=== Section Start ===
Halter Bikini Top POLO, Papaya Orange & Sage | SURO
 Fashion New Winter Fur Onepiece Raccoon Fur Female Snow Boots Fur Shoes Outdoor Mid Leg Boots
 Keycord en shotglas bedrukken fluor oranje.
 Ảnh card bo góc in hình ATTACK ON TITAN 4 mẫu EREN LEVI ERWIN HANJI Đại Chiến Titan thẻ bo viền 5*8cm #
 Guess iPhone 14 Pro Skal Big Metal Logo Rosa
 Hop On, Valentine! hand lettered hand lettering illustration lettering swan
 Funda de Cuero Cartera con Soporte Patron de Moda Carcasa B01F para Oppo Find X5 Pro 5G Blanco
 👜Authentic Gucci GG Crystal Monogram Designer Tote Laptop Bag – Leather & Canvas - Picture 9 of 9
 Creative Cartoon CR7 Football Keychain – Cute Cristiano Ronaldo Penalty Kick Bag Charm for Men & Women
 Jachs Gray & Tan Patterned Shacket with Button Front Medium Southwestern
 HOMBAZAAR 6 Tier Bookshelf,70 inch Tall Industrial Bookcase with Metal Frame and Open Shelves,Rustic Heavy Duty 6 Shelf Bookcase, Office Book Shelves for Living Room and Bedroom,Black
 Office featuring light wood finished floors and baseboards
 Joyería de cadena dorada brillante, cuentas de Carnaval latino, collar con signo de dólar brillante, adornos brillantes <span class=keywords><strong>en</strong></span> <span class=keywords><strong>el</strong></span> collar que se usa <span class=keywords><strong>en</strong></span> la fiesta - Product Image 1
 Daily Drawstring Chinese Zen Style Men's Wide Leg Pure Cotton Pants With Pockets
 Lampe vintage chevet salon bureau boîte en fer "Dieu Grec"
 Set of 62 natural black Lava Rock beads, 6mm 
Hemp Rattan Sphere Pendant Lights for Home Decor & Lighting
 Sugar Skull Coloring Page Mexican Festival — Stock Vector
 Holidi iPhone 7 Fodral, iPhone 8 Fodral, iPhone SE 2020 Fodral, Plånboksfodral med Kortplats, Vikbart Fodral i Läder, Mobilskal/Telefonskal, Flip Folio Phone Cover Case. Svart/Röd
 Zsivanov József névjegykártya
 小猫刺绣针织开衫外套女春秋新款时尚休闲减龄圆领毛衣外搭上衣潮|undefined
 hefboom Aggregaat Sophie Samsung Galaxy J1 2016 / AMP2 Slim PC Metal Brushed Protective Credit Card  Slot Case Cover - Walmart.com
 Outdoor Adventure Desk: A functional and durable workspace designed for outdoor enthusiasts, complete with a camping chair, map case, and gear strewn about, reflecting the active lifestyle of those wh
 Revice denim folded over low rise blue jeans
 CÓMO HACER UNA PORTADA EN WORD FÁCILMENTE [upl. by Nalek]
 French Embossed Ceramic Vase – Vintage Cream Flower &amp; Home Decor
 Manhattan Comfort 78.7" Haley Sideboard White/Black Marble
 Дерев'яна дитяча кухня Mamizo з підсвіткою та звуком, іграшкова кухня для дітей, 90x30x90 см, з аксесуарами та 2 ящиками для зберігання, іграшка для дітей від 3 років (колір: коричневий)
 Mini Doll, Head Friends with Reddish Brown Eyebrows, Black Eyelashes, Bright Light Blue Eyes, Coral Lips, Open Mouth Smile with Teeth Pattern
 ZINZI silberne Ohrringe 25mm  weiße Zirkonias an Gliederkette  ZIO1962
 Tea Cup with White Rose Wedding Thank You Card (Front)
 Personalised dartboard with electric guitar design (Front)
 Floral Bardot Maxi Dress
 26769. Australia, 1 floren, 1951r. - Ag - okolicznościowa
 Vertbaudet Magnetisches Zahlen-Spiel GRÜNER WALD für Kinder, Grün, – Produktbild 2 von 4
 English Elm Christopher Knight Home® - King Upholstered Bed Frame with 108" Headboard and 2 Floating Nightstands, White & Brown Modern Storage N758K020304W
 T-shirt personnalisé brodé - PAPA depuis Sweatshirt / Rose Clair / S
=== Section End ===
=== Brief ===
Your output should consist solely of the lines from the beginning of the entries through the line containing "Picture 9 of 9", reproduced exactly.

=== Expected answer ===
Halter Bikini Top POLO, Papaya Orange & Sage | SURO
 Fashion New Winter Fur Onepiece Raccoon Fur Female Snow Boots Fur Shoes Outdoor Mid Leg Boots
 Keycord en shotglas bedrukken fluor oranje.
 Ảnh card bo góc in hình ATTACK ON TITAN 4 mẫu EREN LEVI ERWIN HANJI Đại Chiến Titan thẻ bo viền 5*8cm #
 Guess iPhone 14 Pro Skal Big Metal Logo Rosa
 Hop On, Valentine! hand lettered hand lettering illustration lettering swan
 Funda de Cuero Cartera con Soporte Patron de Moda Carcasa B01F para Oppo Find X5 Pro 5G Blanco
 👜Authentic Gucci GG Crystal Monogram Designer Tote Laptop Bag – Leather & Canvas - Picture 9 of 9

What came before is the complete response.